## EXERCISE INSTRUCTIONS
Beginning with the line that holds "Detail Gallery Image", copy each line to the end of the records exactly, except the pictures.
+---+
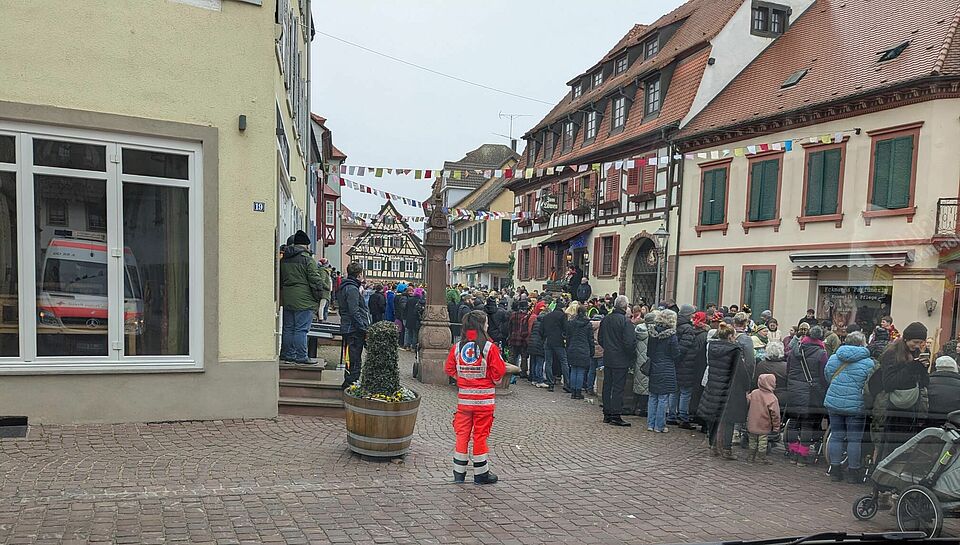 Narrentreffen Januar 2026 DRK steht an der Strecke beim Narrentreffen in Ettenheim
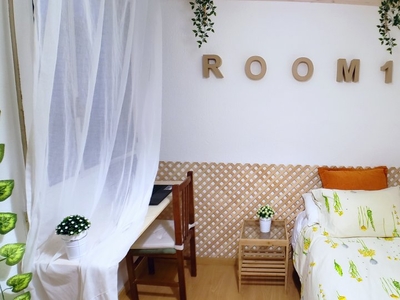 Se alquila habitación en piso de 4 dormitorios en Aluche, Madrid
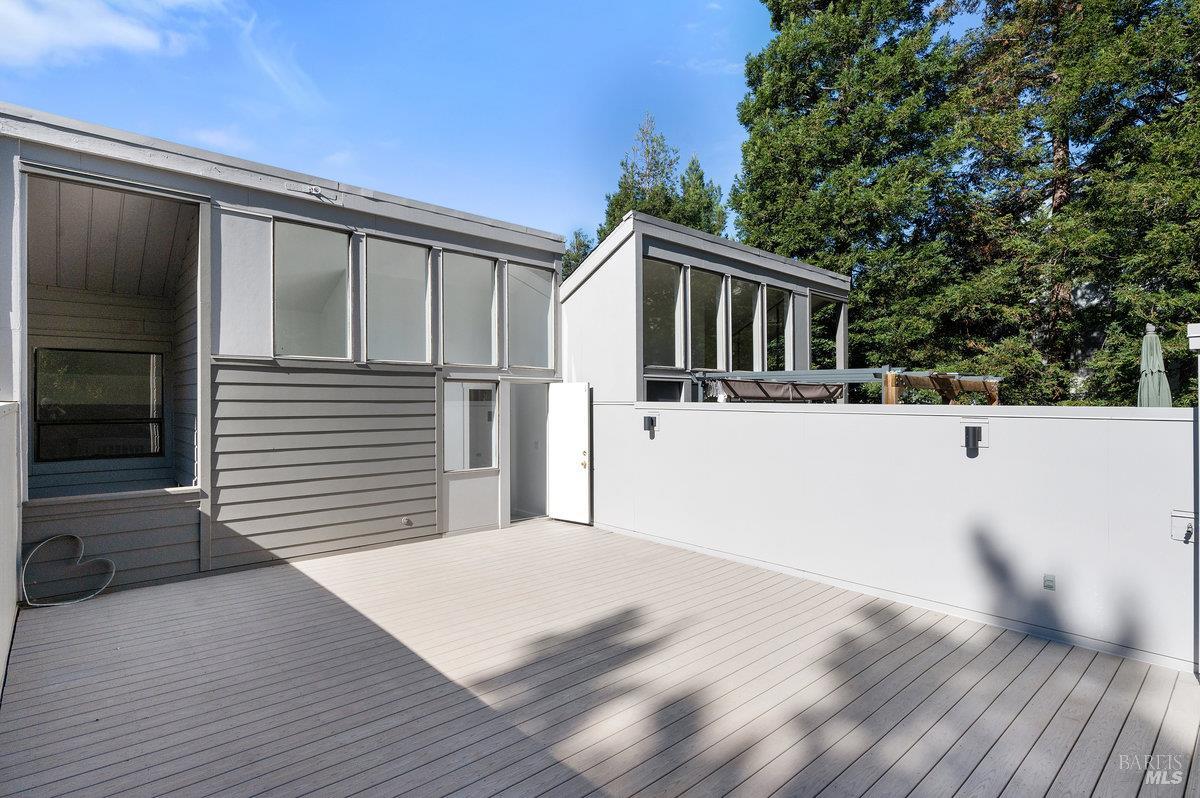 Detail Gallery Image 30 of 32 For 154 Professional Center Pkwy, San Rafael,  CA 94903 - 3 Beds | 2/1 Baths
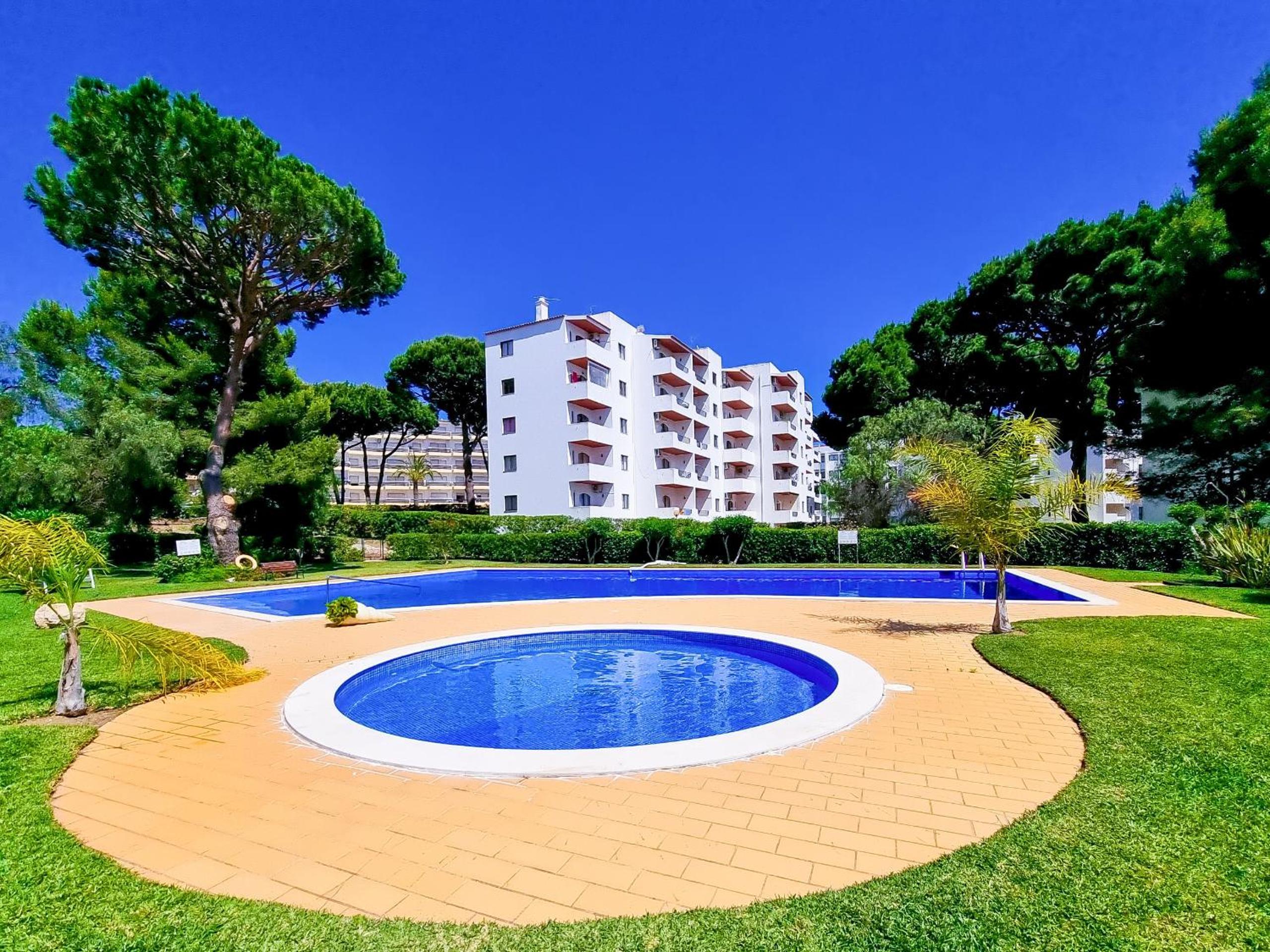 FLH Vilamoura Summer Apartment with Pool view 3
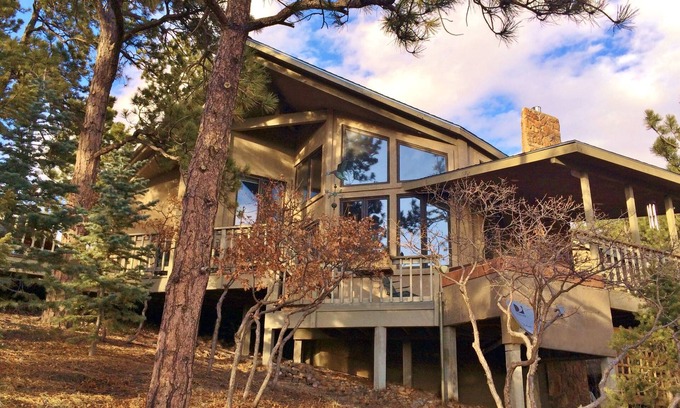 Monument House | Idyllic Retreat Amid Tall Pines and Breathtaking Mountain Views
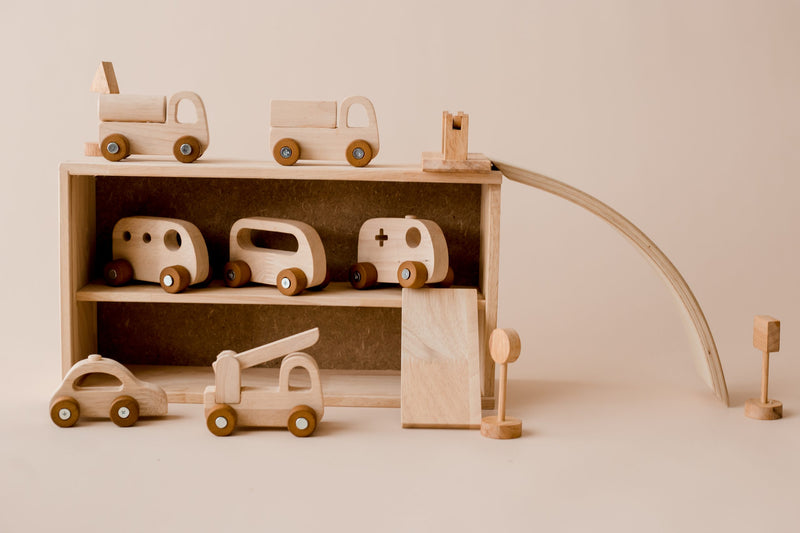 Wooden Vehicle Play Set | 7 Vehicles, Bridge, Signs & Garage Box | Q Toys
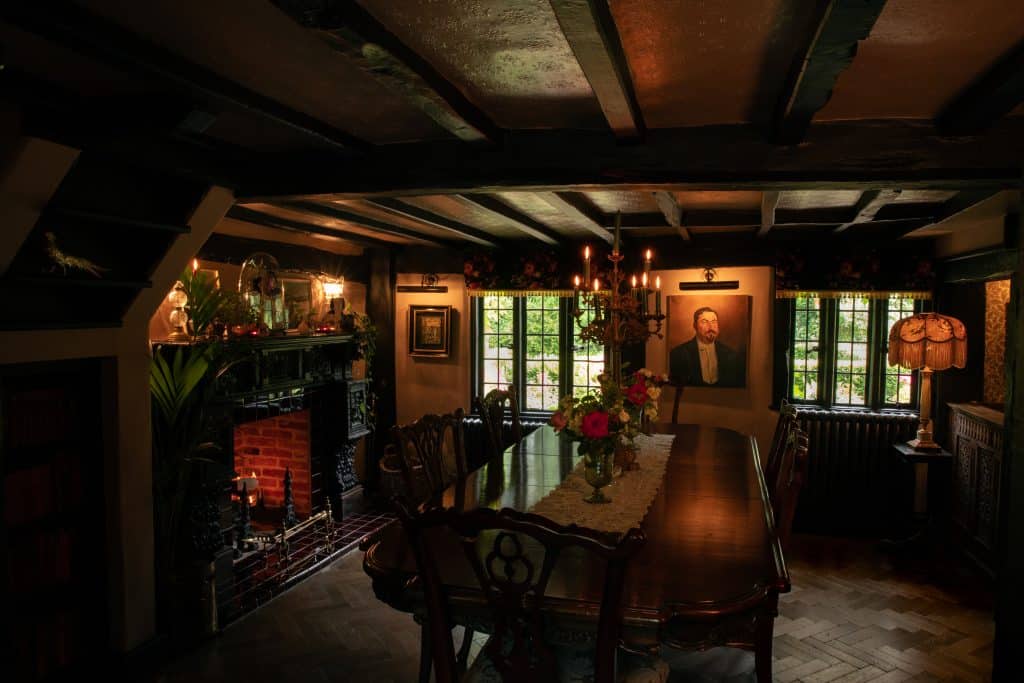 KNIGHTS HALL WINDSOR ASCOT COUNTRY SHOOT LOCATION HOUSE 15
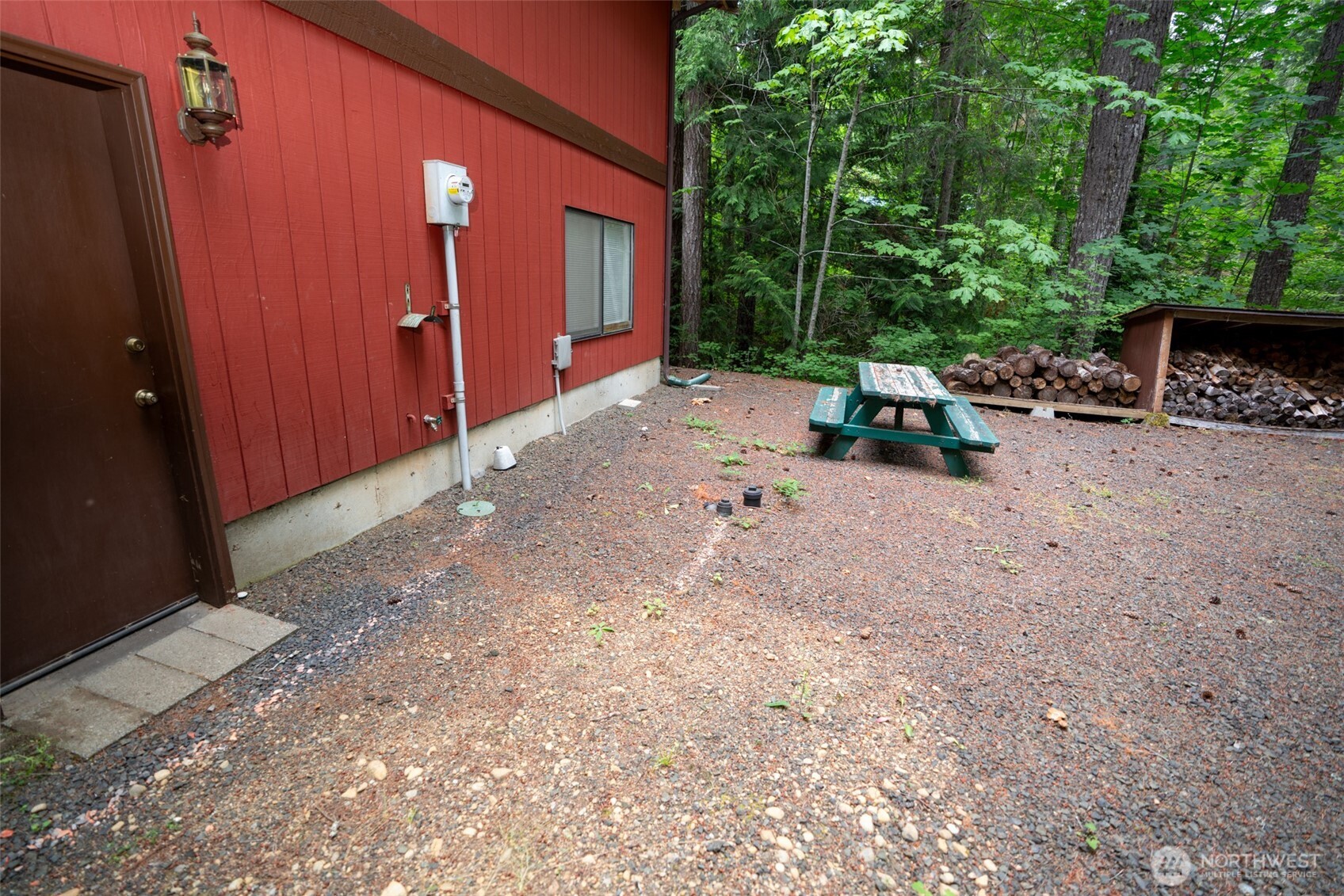 321 N Wynoochee Drive Property Photo 16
+---+
## TASK SOLUTION
 Detail Gallery Image 30 of 32 For 154 Professional Center Pkwy, San Rafael,  CA 94903 - 3 Beds | 2/1 Baths
 FLH Vilamoura Summer Apartment with Pool view 3
 Monument House | Idyllic Retreat Amid Tall Pines and Breathtaking Mountain Views
 Wooden Vehicle Play Set | 7 Vehicles, Bridge, Signs & Garage Box | Q Toys
 KNIGHTS HALL WINDSOR ASCOT COUNTRY SHOOT LOCATION HOUSE 15
 321 N Wynoochee Drive Property Photo 16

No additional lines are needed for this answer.